Published online by Cambridge University Press: 04 July 2014
We present an experimental and numerical study of the upstream internal wavefield in a channel generated by constant density intrusions propagating into a linearly stratified ambient fluid during the initial phase of translation. Using synthetic schlieren imaging and two-dimensional direct numerical simulations, we quantify this wave motion within the ambient stratified fluid ahead of the advancing front. We show that the height of the neutral buoyancy surface in the ambient fluid determines the vertical modal response with the predominant waves being mode 2 for intrusions near the mid-depth of the channel and mode 1 waves being produced by intrusions nearer the top or bottom of the domain. All higher vertical modes travel slower than the intrusion and so do not appear upstream ahead of the intrusion front. We find the energy flux into this upstream wavefield to be approximately constant, and to be between 10 and 30 % of the rate of available potential energy transfer into the flow.

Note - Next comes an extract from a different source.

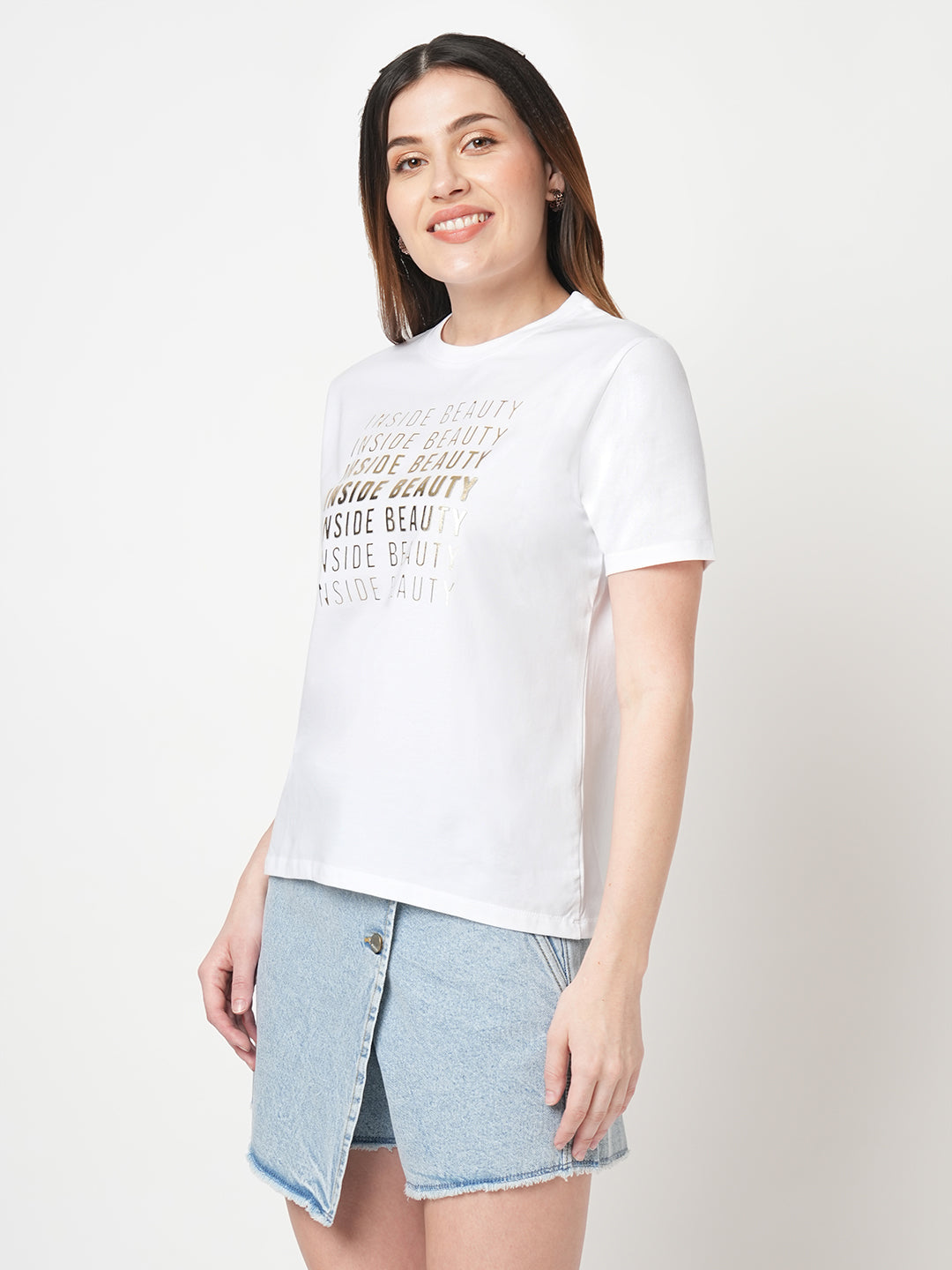 Women Slim Fit  White Boxy Graphic Tees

A movie of a laboratory experiment of an intrusion at hN = 0.1H. In the upper frame, the intrusions is imaged via the squared buoyancy frequency perturbation field ΔN2 < -0.9N, and the front position is demarcated with a vertical white line. In the lower frame, the mode strength of the horizontal perturbation velocity component û' is shown for individual modes. Though the data is noisy, a strong mode-1 signal is evident, decreasing monotonically upstream of the front.

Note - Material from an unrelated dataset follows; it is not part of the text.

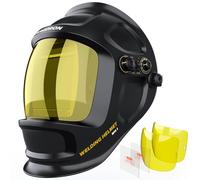 Auto Darkening Welding Helmet Large View 3.94" x 3.66", True Color Welding Hood Optical Clarity, 4 Arc Sensor Solar/Battery Powered, Wide Shade 3.5/5-9/9-13 Welder Mask for TIG MIG ARC Cut Grind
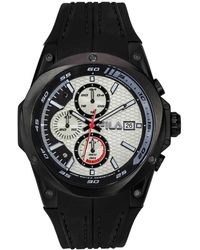 Fila - Accessoires ,Zwart ,Herenhorloge Style 51 Mm Chronograaf Armband Siliconen 38-823 - Lyst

A movie of a laboratory experiment of an intrusion at hN = 0.3H. In the upper frame, the intrusions is imaged via the squared buoyancy frequency perturbation field ΔN2 < -0.9N, and the front position is demarcated with a vertical white line. In the lower frame, the mode strength of the horizontal perturbation velocity component û' is shown for individual modes. Though the data is noisy, both mode-1 and mode-2 signals are evident, decreasing monotonically upstream of the front.

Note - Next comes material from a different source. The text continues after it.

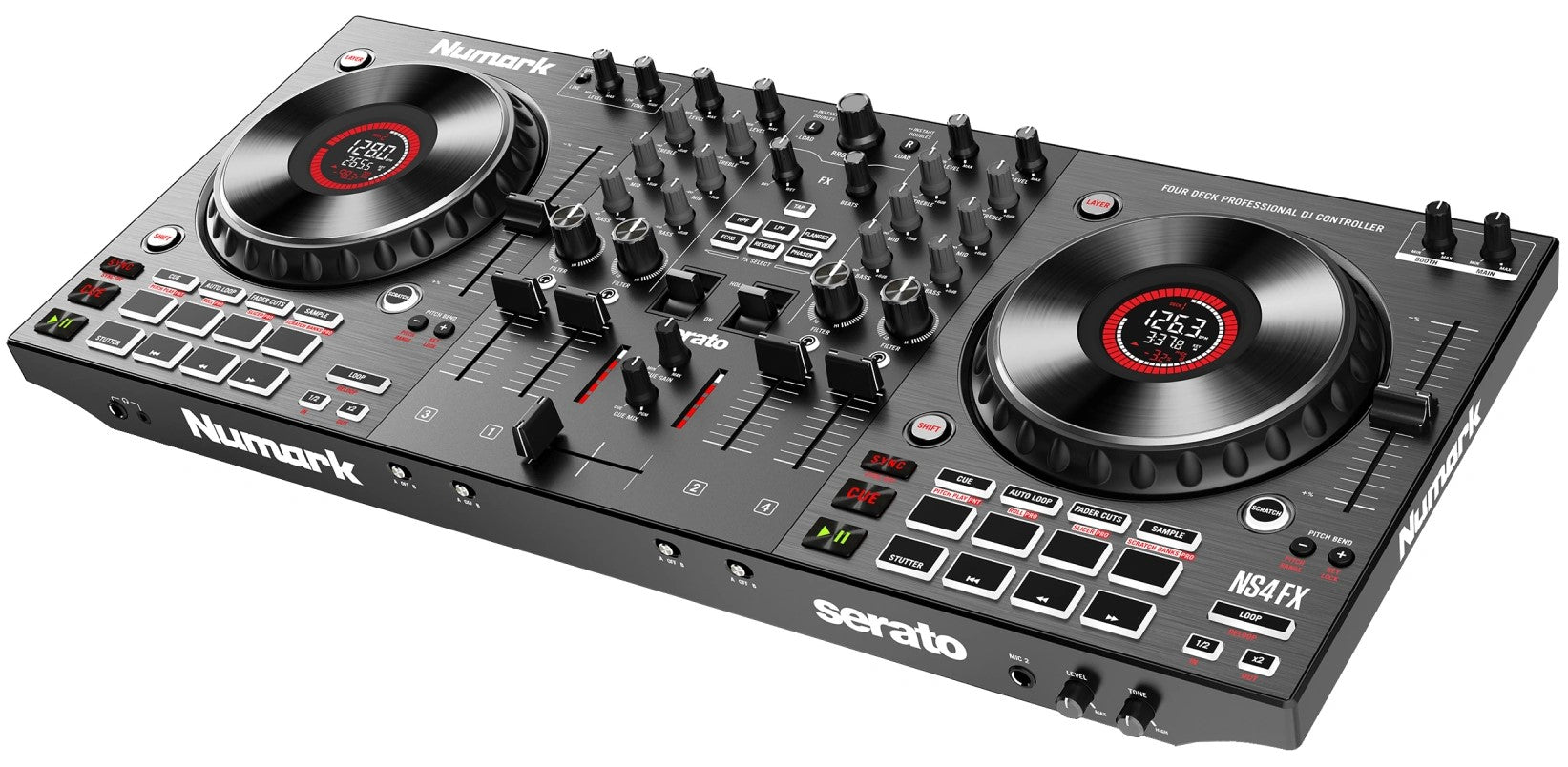 Numark NS4FX DJ controller with multiple jog wheels, faders, and control knobs, shown from an angled left view.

A movie of a laboratory experiment of an intrusion at hN = 0.5H. In the upper frame, the intrusions is imaged via the squared buoyancy frequency perturbation field ΔN2 < -0.9N, and the front position is demarcated with a vertical white line. In the lower frame, the mode strength of the horizontal perturbation velocity component û' is shown for individual modes. Though the data is noisy, a stronger mode-2 signal is evident, decreasing monotonically upstream of the front.
A movie of a numerical simulation of an intrusion at hN = 0.1H.In the upper frame, the intrusions is imaged as a passive tracer concentration > 0.95, and the front position is demarcated with a vertical white line. In the lower frame, the mode strength of the horizontal perturbation velocity component û' is shown for individual modes. A strong mode-1 signal is evident, decreasing monotonically upstream of the front.
A movie of a numerical simulation of an intrusion at hN = 0.3H. In the upper frame, the intrusions is imaged as a passive tracer concentration > 0.95, and the front position is demarcated with a vertical white line. In the lower frame, the mode strength of the horizontal perturbation velocity component û' is shown for individual modes. Both mode-1 and mode-2 signals are evident, decreasing monotonically upstream of the front.
A movie of a numerical simulation of an intrusion at hN = 0.5H. In the upper frame, the intrusions is imaged as a passive tracer concentration > 0.95, and the front position is demarcated with a vertical white line. In the lower frame, the mode strength of the horizontal perturbation velocity component û' is shown for individual modes. A strong mode-2 signal is evident, decreasing monotonically upstream of the front.